喫茶店
綴。
第1話 喫茶店
昔働いていた喫茶店が閉店すると連絡が届いた。
当時一緒に働いていた仲間に連絡を取り、一緒に喫茶店へ行った。
「いらっしゃい!」
懐かしい奥さんの笑顔に出迎えられて、私達は席についた。
(閉店します。)
の張り紙を見て、懐かしむお客さんが次々と入ってくる。
オーダーを取った伝票もぐちゃぐちゃと並べられ、さげてきた食器類達は洗い場から溢れている。

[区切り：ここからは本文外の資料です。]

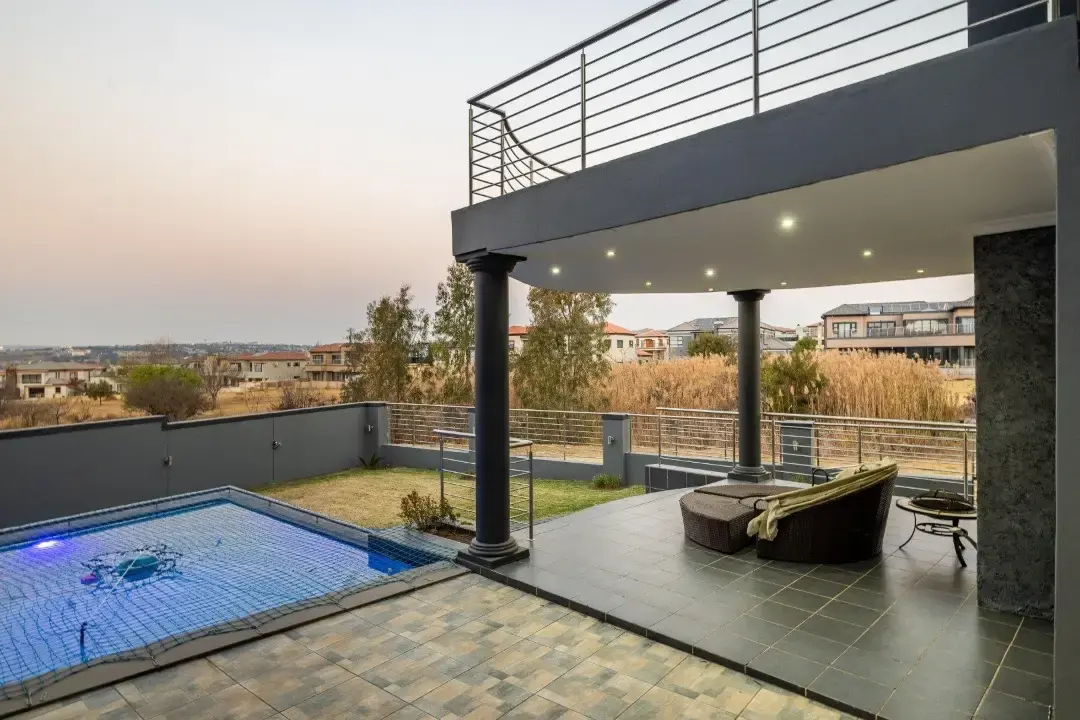 Greenbelt Home in Blue Valley, Blue Valley Golf Estate, Centurion: photograph 8 of 20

「少し時間かかってもいい?もーてんやわんやでぐちゃぐちゃになってて………」
」ゆっくりで大丈夫ですよ!」
私達は懐かしい話をしながらのんびりと待った。
最初に運ばれてきたのは、娘が食べたかったオムライスだ。
「ぅわぁー、これこれ!」
オムライスからふわりと湯気がのぼり、娘の笑顔がポッと色づいた。
私がこの喫茶店で働いていた頃、娘はよく受験勉強をしにやってきた。
奥さんが時々ドリンクをサービスしてくれた。
合格発表の日。喫茶店の外から忙しく働いている奥さんを見つけて報告した。
娘とふたりで両手をあげて大きく輪っかを作って微笑んだ。
奥さんも嬉しそうに両手で大きな輪っかを作ってくれた。
食事が終わってドリンクを頼んだ。
最後に運ばれてきたのは、私が頼んだハワイアンソーダクリーム。
綺麗なブルーのソーダの上にたっぷりとソフトクリームがのっている。
「あー、早くしないと溢れる!溢れる!」
とみんなで騒ぎ、私は慌ててストローでソーダを飲みながらスプーンでクリームをすくった。
それでも、間に合わずにハワイアンソーダクリームはぐちゃぐちゃと溢れてしまった。
想い出話に花を咲かせ、ソーダの入ったグラスを見た。
綺麗なブルーの空に真っ白い雲が混じったような、さわやかな晴れた日の色になった。